Sir Martin Sorrell has claimed he does not have "a substantial pay packet". Lord alone knows how much wonga the WPP boss would consider a decent amount, as last year's base salary was revealed on Monday to be £1.3m, up one-third on 2010. Sir Martin's compensation package – we're not saying pay, as FTSE bosses get angry over the semantics of their rewards – was just shy of £13m.
There are plenty of pariah jobs out there – arms dealers, journalists – but few anger do-gooders as much as cigarette-sellers. That didn't stop Imperial Tobacco boss Alison Cooper announcing increased revenue and dividend for the first six months of the financial year on Tuesday. The group further pleased investors with a £500m share buyback pledge.
On Thursday, RSA boss Simon Lee said demand for UK household and pet insurance was on the up.
... at a loss
It's not an Ashes summer, but still Australians queue to annoy the Brits. On Monday, Cameron Clyne, the head of National Australia Bank, announced 1,400 job cuts at its subsidiaries, the Clydesdale and Yorkshire banks.
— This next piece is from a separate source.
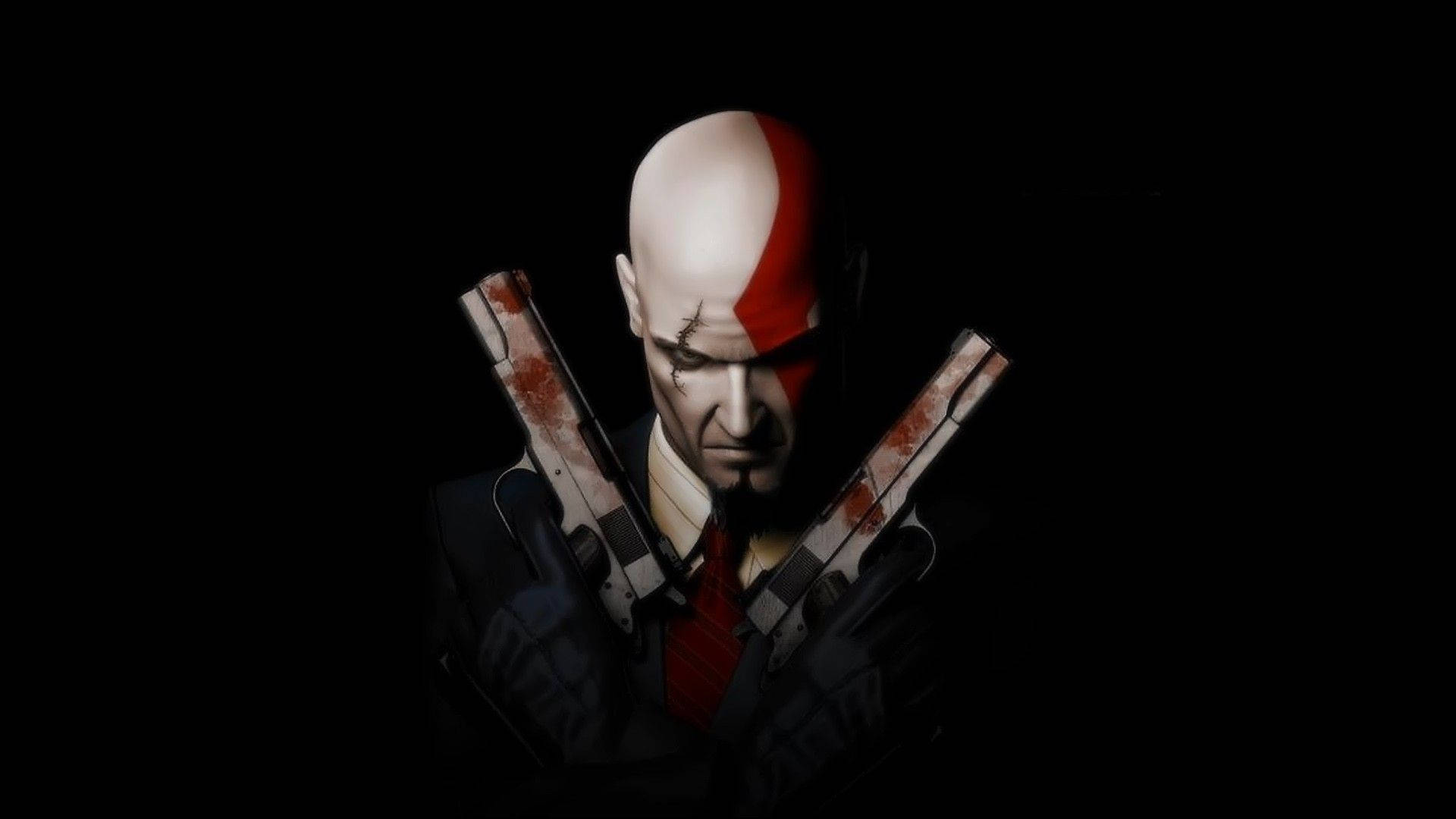 A Man Holding Two Guns On A Black Background Wallpaper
Clyne said there had been "a significant downgrade in the growth prospects of the UK economy". Whatever – we've still got that urn.
An Aussie with a longer history of annoying Poms is Rupert Murdoch. The octogenarian's horrendous week, after a committee of MPs declared on Tuesday that he was "not a fit and proper person to exercise stewardship of a major international company", was saved by a vote of confidence from News Corp's board.
On Wednesday, Next boss Lord Wolfson admitted that heavy rain had dampened sales.